Work required
Only certain lines below are wanted: those starting at the line containing "CAPT BOB II.MILFORD DE.08" and ending at the line containing "76Ah 285Wh Li-ion, LG Chem E76A", both included, each retyped exactly.

Recorded information
- Opening Delimiter -

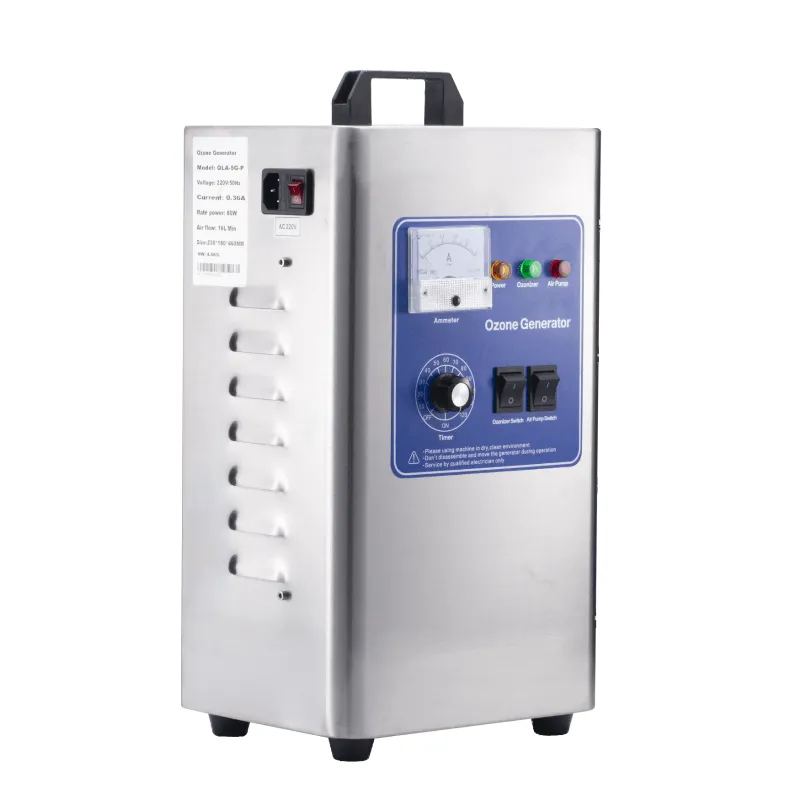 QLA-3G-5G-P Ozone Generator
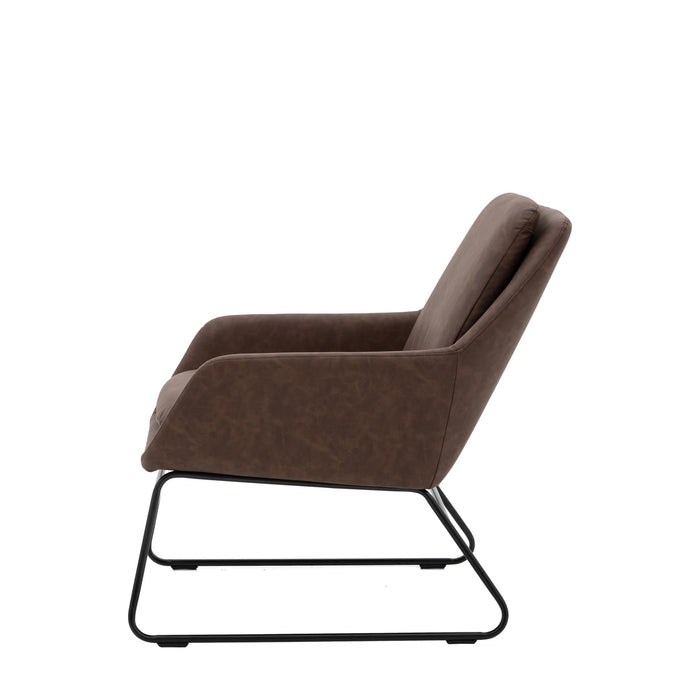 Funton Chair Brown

- Closing Delimiter -
- Opening Delimiter -

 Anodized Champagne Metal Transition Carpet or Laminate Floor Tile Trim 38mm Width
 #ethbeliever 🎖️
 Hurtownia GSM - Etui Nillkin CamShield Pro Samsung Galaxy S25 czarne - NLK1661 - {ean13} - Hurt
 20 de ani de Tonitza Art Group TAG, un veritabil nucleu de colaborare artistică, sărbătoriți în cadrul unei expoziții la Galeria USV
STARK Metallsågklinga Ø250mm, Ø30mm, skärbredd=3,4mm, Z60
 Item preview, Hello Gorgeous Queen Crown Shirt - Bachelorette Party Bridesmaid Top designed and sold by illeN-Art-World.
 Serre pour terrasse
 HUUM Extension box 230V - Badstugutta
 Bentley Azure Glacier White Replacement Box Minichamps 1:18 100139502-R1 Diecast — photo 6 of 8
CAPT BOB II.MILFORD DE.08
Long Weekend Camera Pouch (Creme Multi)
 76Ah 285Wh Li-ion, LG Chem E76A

- Closing Delimiter -

Output of the task
CAPT BOB II.MILFORD DE.08
Long Weekend Camera Pouch (Creme Multi)
 76Ah 285Wh Li-ion, LG Chem E76A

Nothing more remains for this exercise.